On November 25, the Solidarity Center joins our allies around the world in launching 16 Days of Activism against Gender-Based Violence. This event highlights the need to end violence against women and girls around the world and pass a global standard to address the full scope of gender-based violence at work.
Solidarity Center’s Senior Gender Specialist Robin Runge discusses gender-based violence at work and how unions and our allies are working for passage of a global standard that would address this prevalent, and generally unacknowledged, workers rights violation.
Q.: What is gender-based violence at work?
Robin Runge: Gender-based violence at work, importantly, is being defined by workers around the world and the International Labor Organization (ILO) through the standard-setting process: It is violence and harassment directed at persons because of their sex or gender. This definition is intentionally broad to recognize that people experience a range of behaviors based on their perceived or actual gender or sexual identity. Gender-based violence at work is inclusive of sexual harassment. A classic example of sexual harassment at work is a supervisor or a manager demanding sex from someone who works for them in exchange for keeping their job or for a promotion. This is also a form of gender-based violence and harassment at work. Similarly, a supervisor harassing or physically abusing a male worker who is perceived to be acting female or to be gay. Gender-based violence at work also includes the impact of domestic violence on the workplace. The majority of workers who experience gender-based violence at work are women because of social and economic inequality, which makes women more vulnerable to these forms of abuse and harassment. However, men also experience gender-based violence and harassment at work.

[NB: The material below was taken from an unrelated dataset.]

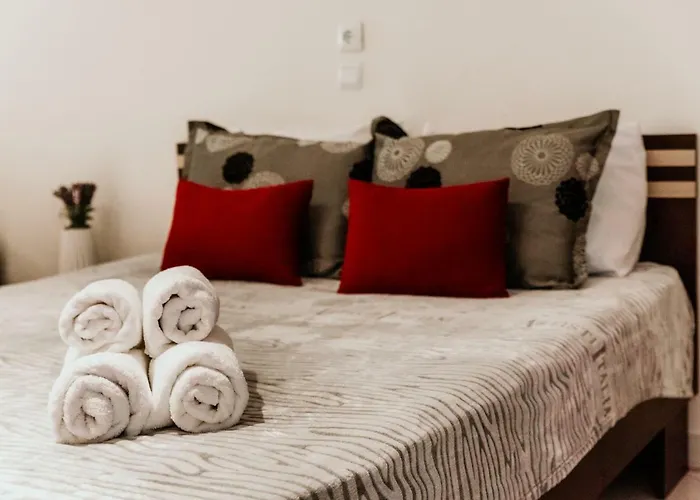 公寓 Aigli 卡瓦拉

Q.: Why is gender-based violence and harassment at work a worker rights issue?
RR: Gender-based violence and harassment is one of the most insidious and pervasive worker rights violations. In fact, it is impossible to achieve other worker rights goals such as gender equality, and safe and decent work, if we don’t address gender-based violence. Gender-based violence and harassment at work prevents all workers from being able to assert their rights to freedom of association and speech in the workplace and to take part in collective action about wages and working conditions.

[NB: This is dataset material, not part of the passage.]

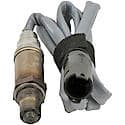 Oxygen Sensor: 4 Wire, 44.69" Long, Heated, Exact Fit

We know that the rates of gender-based violence, although they vary from sector to sector, are extraordinarily high. So for example, we know that in Cambodia, beer promoters, who are mostly women, more than 80 percent of them have been sexually harassed on the job. In many sectors, especially where women are the majority of workers, including the garment sector, and the service industry, the majority of workers report experiencing forms of gender-based violence and harassment. Something that impacts the majority of the workers in a particular sector is a core labor and union issue.
Q.: What’s being done to address gender-based violence and harassment at work?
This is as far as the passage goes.